TFI International CEO Alain Bédard said he is “cautiously optimistic” that the Canadian transportation and logistics company will have a strong 2019 – following a strong start to the year despite challenging freight market conditions in North America.
“I just fell off my chair when I looked at January. It was really, really good,” Bédard said during a call with analysts today, a day after the transportation and logistics company released record fourth-quarter and full year results.
The company announced earnings guidance for the year today (February 28), saying it projected C$3.80 to C$C3.90 in earnings per share (the Canadian dollar is currently valued at $0.76), compared to C$3.22 in 2018. TFI will also continue to buy back shares.
“Probably not a stellar year for market conditions, but it’s going to be a good year,” he said.

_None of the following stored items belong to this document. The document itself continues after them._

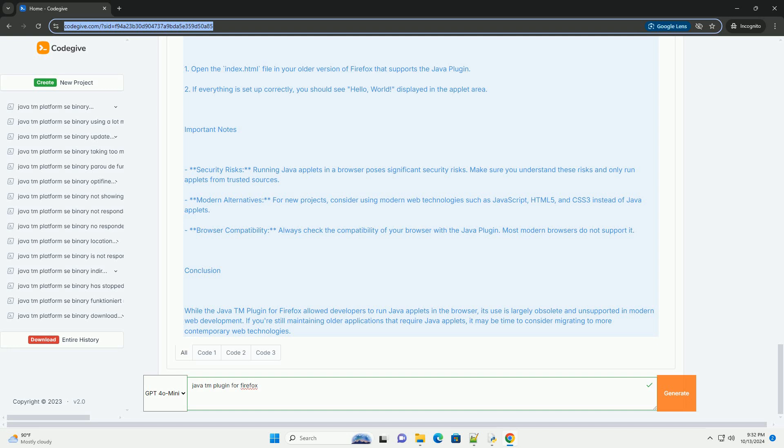Important notes. Security risks: running Java applets in a browser poses significant security risks. Make sure you understand these risks and only run applets from trusted sources.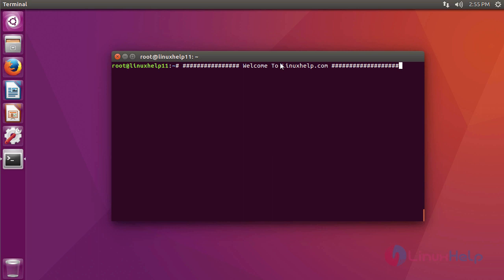Hi friends, welcome to linuxhelp.com. Today we are going to see about VMware Workstation.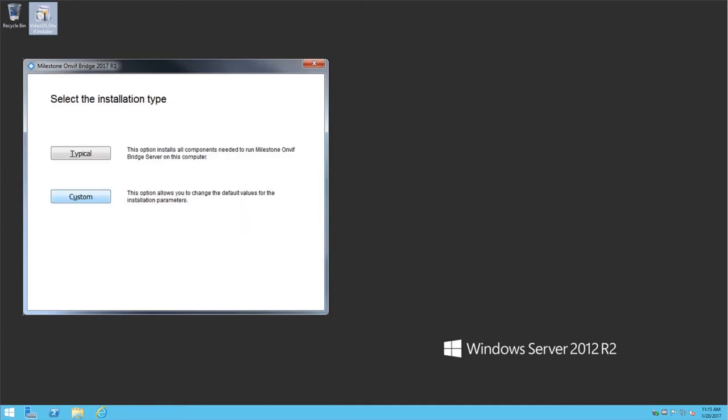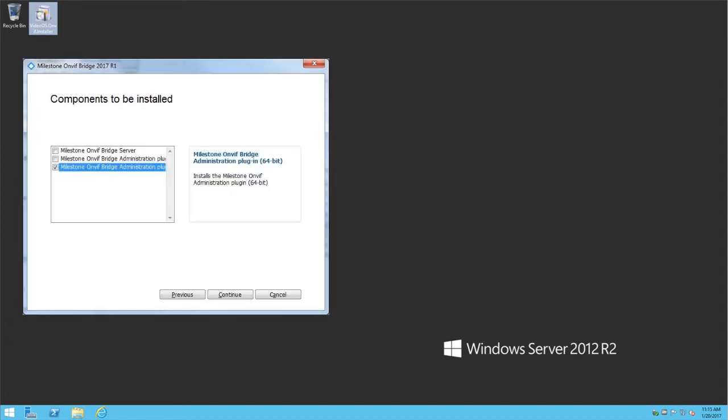Because we do not want to install the OnVif Bridge server on this computer, we click Custom. We have the option of installing these components. We want to install just the 64-bit plugin, so we've cleared the other checkboxes. Now we'll click Continue.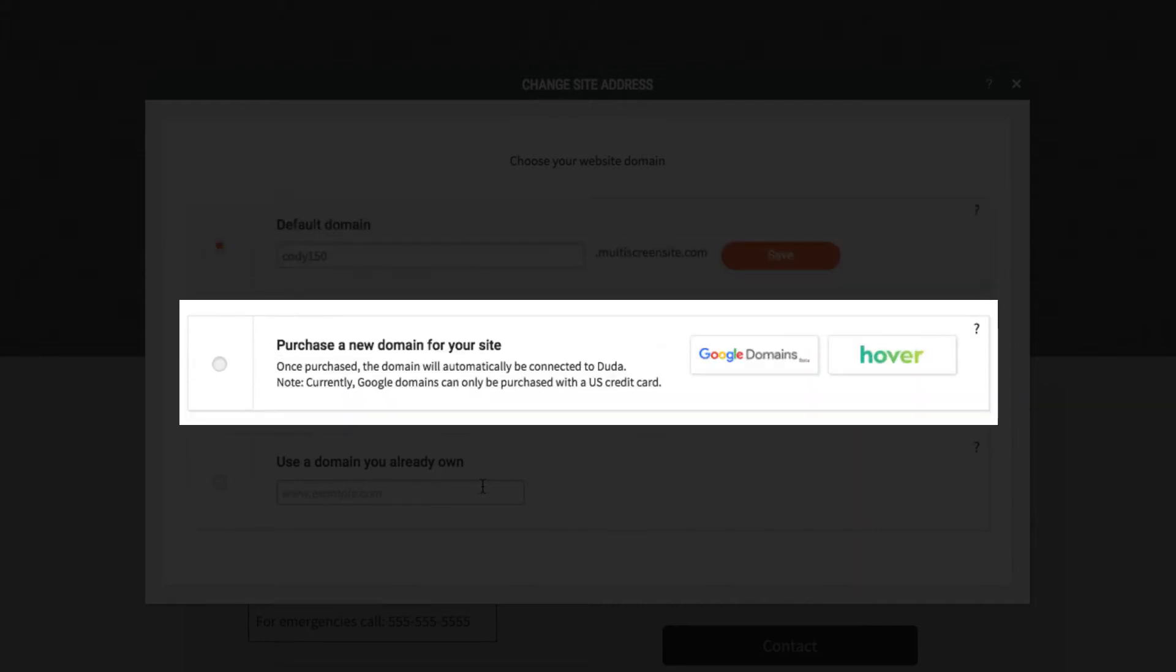Or you can connect your site to a domain name. If you don't already own a domain, you can purchase one through Google Domains or Hover. Either one will automatically set up your domain to work with your Duda website.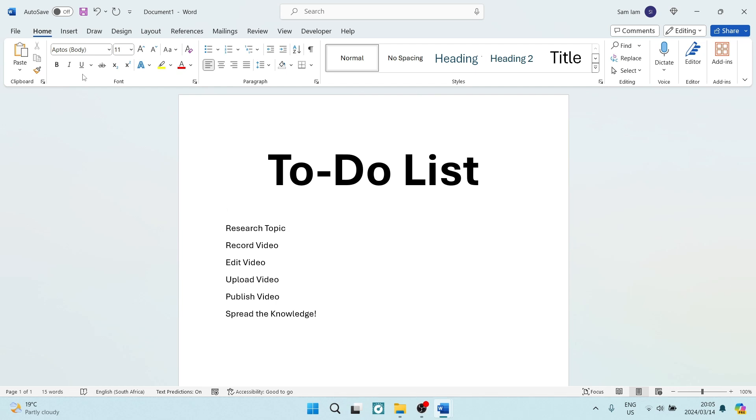So if you have a to-do list, like I've got mine in front of me, all I need to do is research my topics, record my videos, edit my videos, upload my videos, publish my videos, and spread the knowledge. That's a lot of stuff to do. So how do I keep track?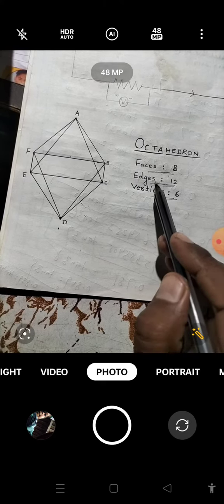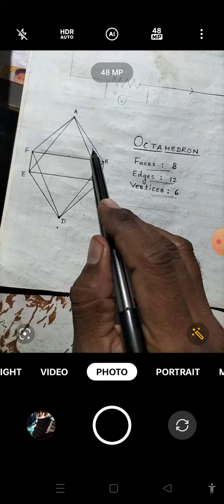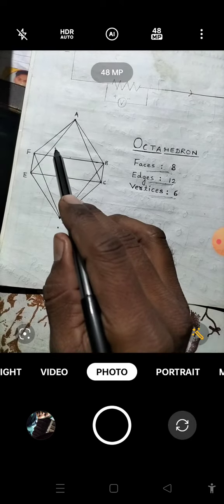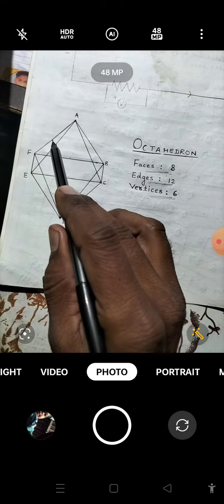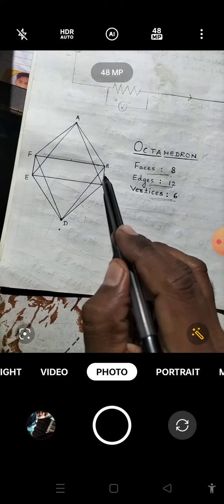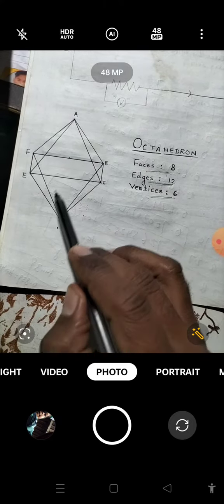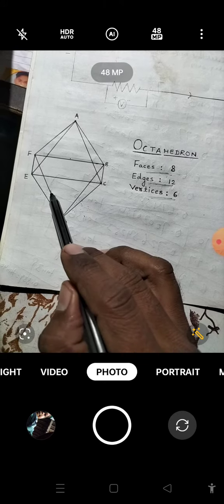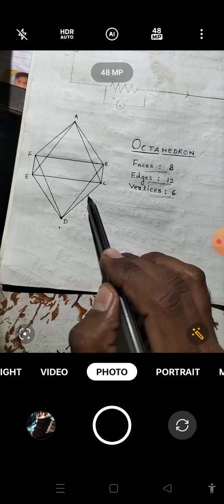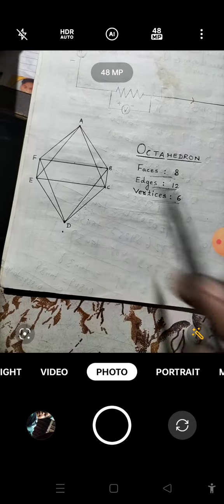And 12 edges: 1, 2, 3, 4, 5, 6, 7, 8, 9, 10, 11, 12. Thank you.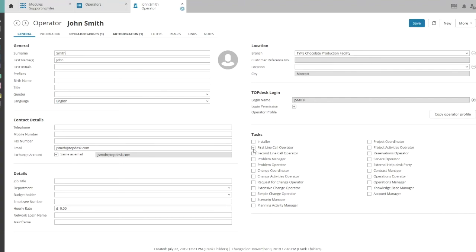You've now fully equipped your agent with the different authorizations in Topdesk. As usual, click save before you leave.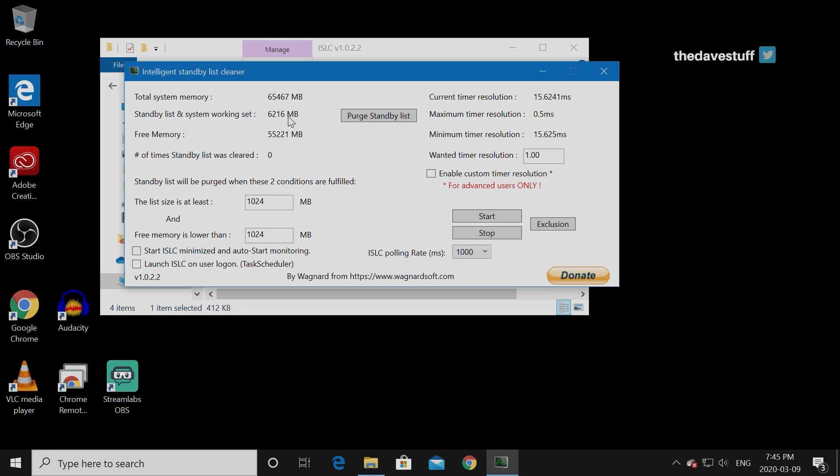There's a couple things that we're going to do here. First, click on start ISLC minimize and auto start monitoring. The second is we're going to launch ISLC on user logon. What this basically does is that when your system boots up, it's going to run this. This is a memory performance type thing. Essentially what happens is that when it gets close to your max limit, then it's going to flush your memory so that all this memory frees up and then it's available again.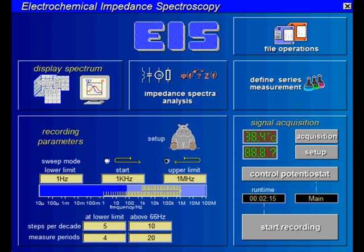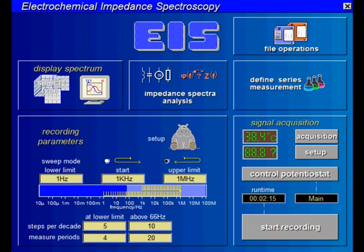Additionally, you can set the starting frequency, which can be any frequency within the range you set before. We recommend keeping the sweep mode as it is. In this case, the frequency sweep starts at the starting frequency, goes up to the upper frequency limit, and then back to the lower frequency limit. The range between the starting frequency and upper frequency is measured twice, allowing you to check the stability of your probe — it is stable over time if the two points of the upwards and downwards sweep at the same frequency are matching.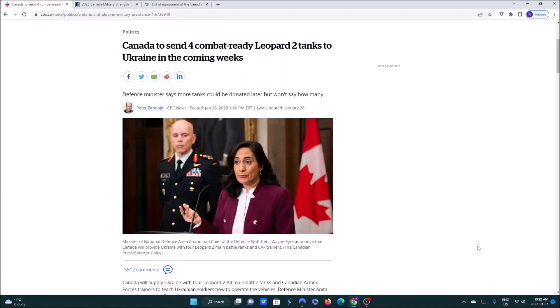Canada has sent four combat-ready Leopard 2 tanks to Ukraine in the upcoming weeks. This is the Great White North Report.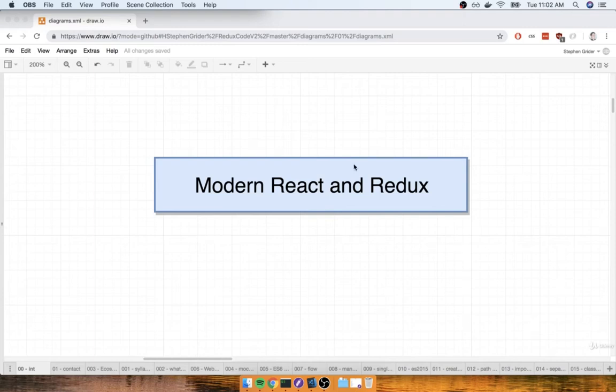Hello and welcome! My name is Stephen Greider, and in the next couple of hours, I'm going to tell you everything I know about React and Redux.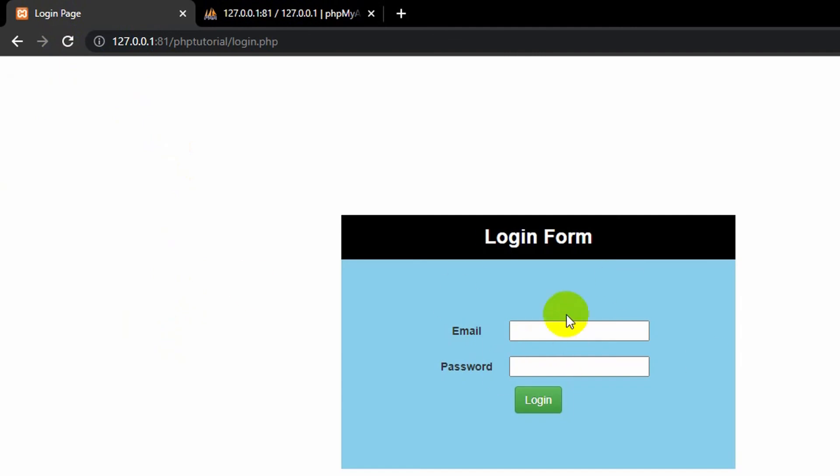This is how we can make logout in PHP. Thank you very much for watching. If this video was helpful, please subscribe to this channel. Thanks again for watching, stay tuned and stay healthy.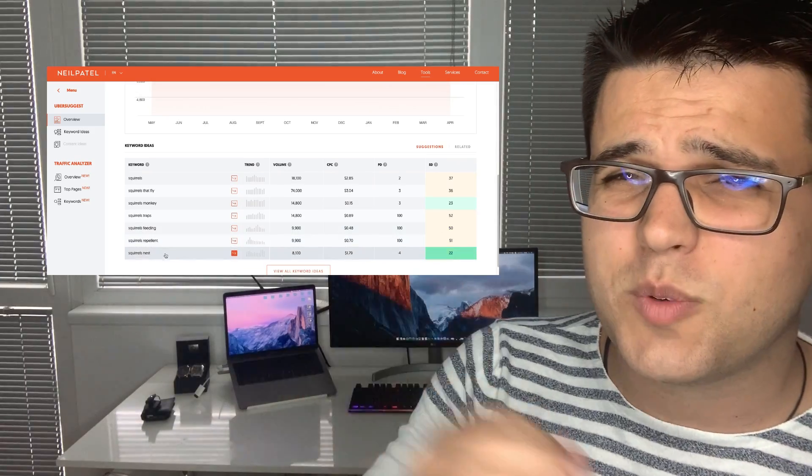So you might want to advertise 'squirrel monkeys' because they're cheaper — just an example. Looking at the data, squirrel monkey is a good keyword to compete for: the competition rate is not too bad, and the volume is really good — it's over 10,000, meaning over 10,000 people are typing 'squirrel monkey' into Google per month.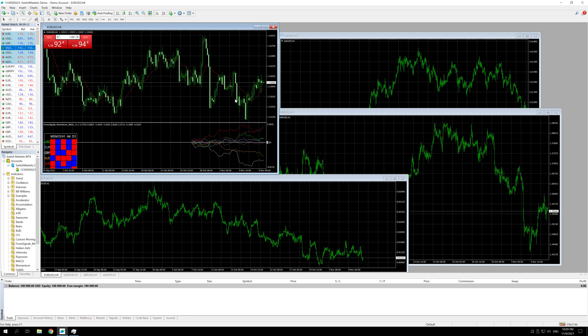Hi there, this is Ale from ForexVPS.net and in this video I'm going to show you the best way to keep your MT4s or MT5s optimized to avoid consuming extra resources from VPS.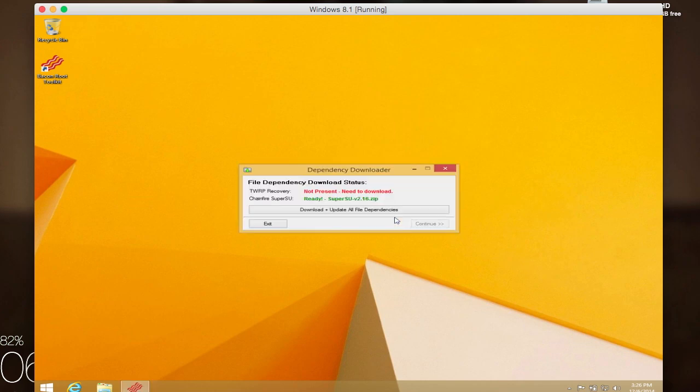you'll be all set to go. Every time you open up the Bacon Root Toolkit, you're going to have to make sure all your files are up to date. That's to ensure that whenever you flash TWRP or SuperSU, you're getting the newest version possible for your device. After it downloads all that,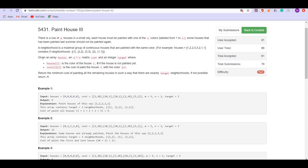Now we are given an array houses and an m×n matrix cost and an integer target. Return the minimum cost of painting all the remaining houses such that there are exactly target neighborhoods. If not possible, return minus 1.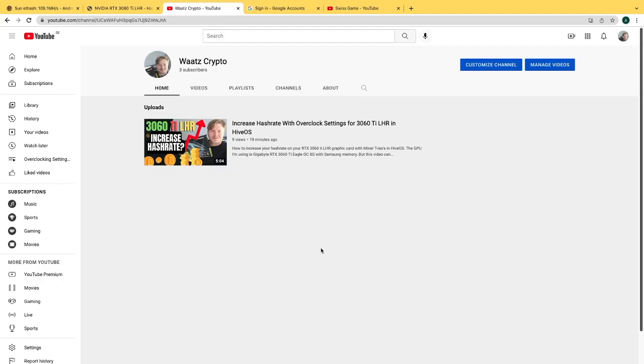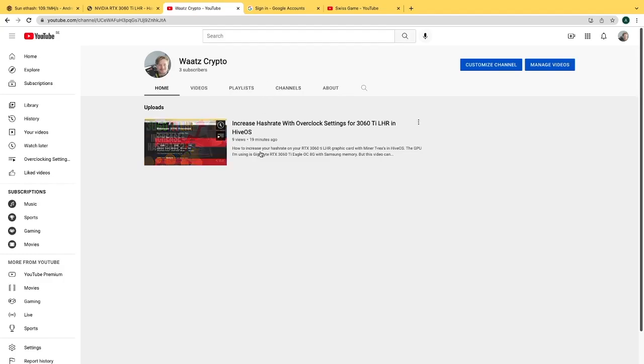Okay everyone, so I just created a new crypto mining channel called What's Crypto. Why I did this is because I want a pure crypto mining channel covering everything in the crypto space.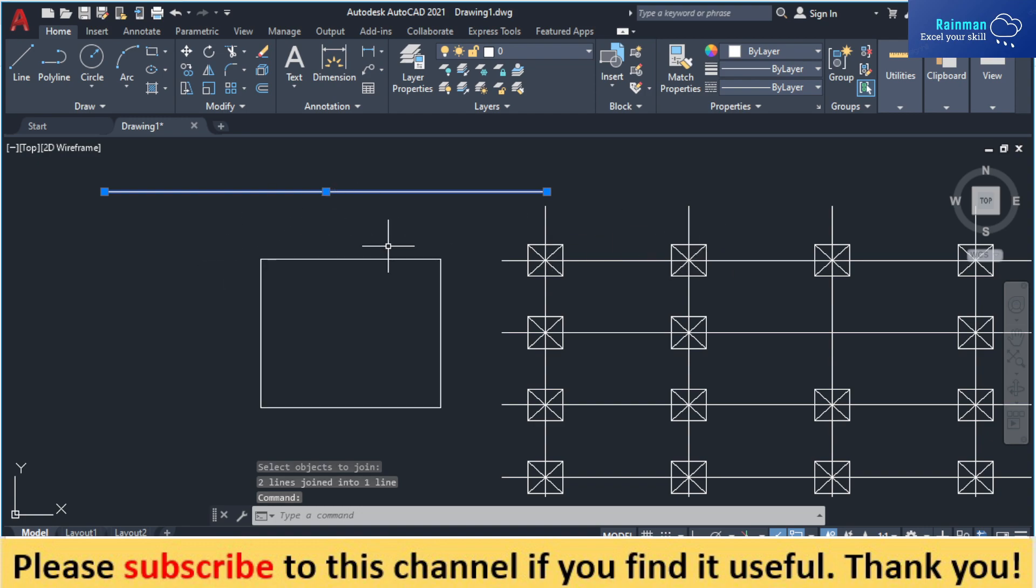That's how we can join different lines into one or different objects into a single object. Thank you guys, thanks for watching.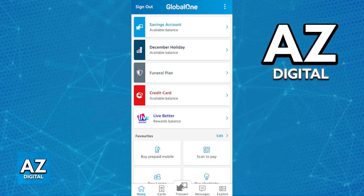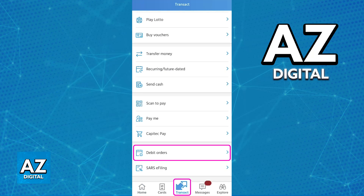All that you have to do is open the latest version of the Capitec mobile banking app, sign into your account using your credentials, and then tap the Transact option at the bottom.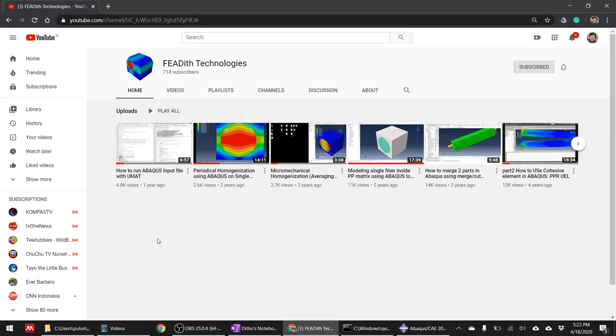Hi everyone, welcome back to this channel - Technology with Dito. Today in this video I want to show you how to create two-dimensional cohesive elements in Abaqus. I found many of my colleagues having difficulties modeling 2D cohesive elements in Abaqus - sometimes they have errors or convergence problems - so I want to clear that up in this video.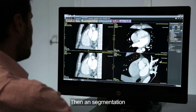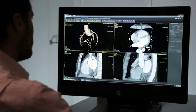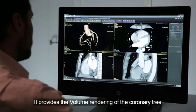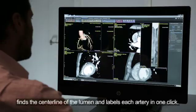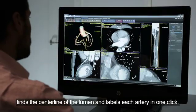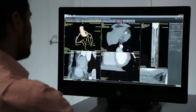Segmentation of coronary arteries is performed, providing volume rendering of the coronary tree. It then finds the center line of the lumen and labels each artery in one click.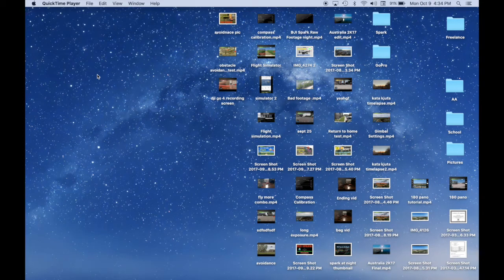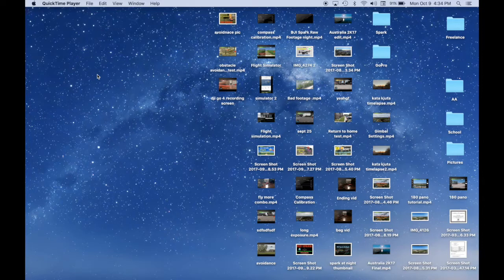Hey everyone, welcome back to Earthen Drone. Today I want to show you how I record the screen of my iPhone 6 when I'm flying the DJI Spark.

TFI plans to continue growing its North American footprint through small acquisitions in the U.S. and Canada, expecting to spend C$150-C$200 million during the year. In February alone, TFI announced the purchase of specialty carriers Schilli, in the U.S., and Toronto Tank Lines, in Canada, and is attempting the purchase the assets of bankrupt U.S. courier BeavEX.
Bédard hinted that TFI has an interest in strengthening its specialty business on both sides of the border.
“Schilli was the first step of [TFI] trying to grow specialty. We like this business. If we could do a deal in Canada to beef up the density, we would,” Bédard said.
TFI will continue to work on improving its operating efficiencies, Bédard said. The company reported that the operating ratios of its U.S. units were at 93 percent compared with about 86 percent for its Canadian units.
“The U.S. is a little sweet and sour,” Bédard said. “The objective is to bring [the operating ratios] to Canadian levels. We’re building a team to get those ratios down.”
TFI also expects to increase cash flow by selling real estate. “Every quarter, we’re shedding terminals,” Bédard said.
The company will also continue to buy more trucks as it phases out leasing in Canada. Capital expenditures are expected to be in the C$225 million to C$250 million range.
Bédard also addressed the bankruptcy of New England Motor Freight (NEMF) earlier in February. He said TFI and its regional partner are working to pick up NEMF customers – but it will take some time to convince them to pay higher prices.
Montreal-based TFI employs more than 17,000 people across North America. It has more than 7,400 power units and 26,000 trailers.